_What the task requires:_
Please give back the listing below word for word, without the images.

_Information provided:_

※

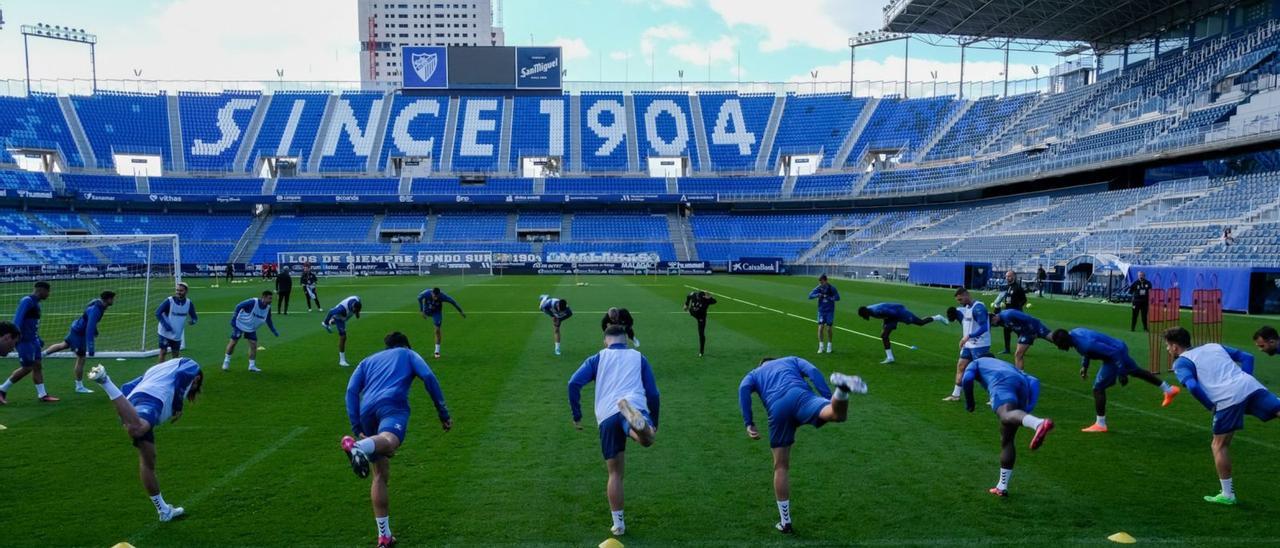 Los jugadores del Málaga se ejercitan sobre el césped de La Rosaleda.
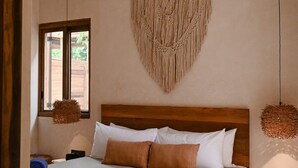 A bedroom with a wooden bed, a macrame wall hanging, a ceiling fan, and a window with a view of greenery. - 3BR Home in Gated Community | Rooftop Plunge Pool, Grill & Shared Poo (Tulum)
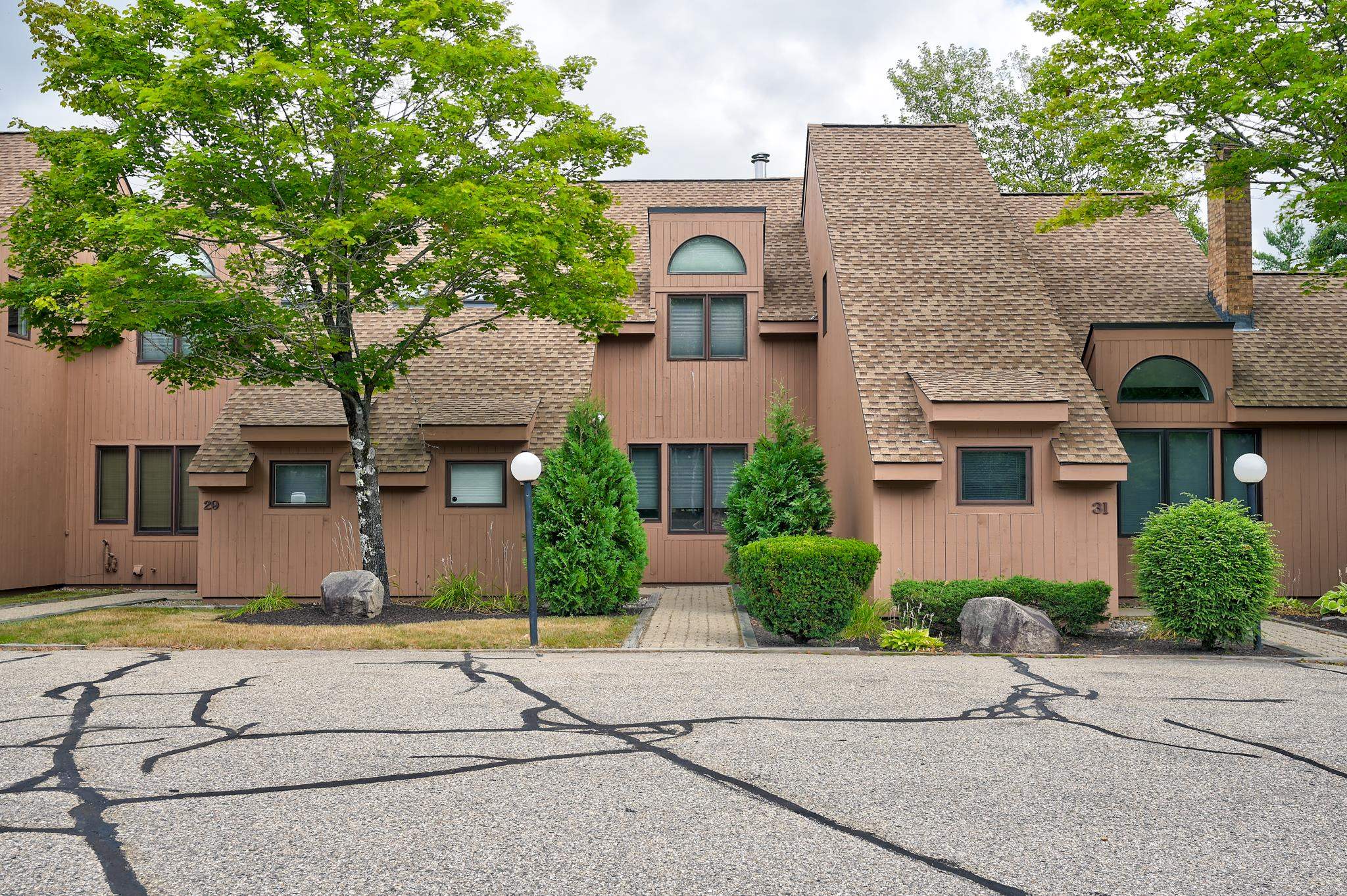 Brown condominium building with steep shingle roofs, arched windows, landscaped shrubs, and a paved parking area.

※

_Answer box:_
 Los jugadores del Málaga se ejercitan sobre el césped de La Rosaleda.
 A bedroom with a wooden bed, a macrame wall hanging, a ceiling fan, and a window with a view of greenery. - 3BR Home in Gated Community | Rooftop Plunge Pool, Grill & Shared Poo (Tulum)
 Brown condominium building with steep shingle roofs, arched windows, landscaped shrubs, and a paved parking area.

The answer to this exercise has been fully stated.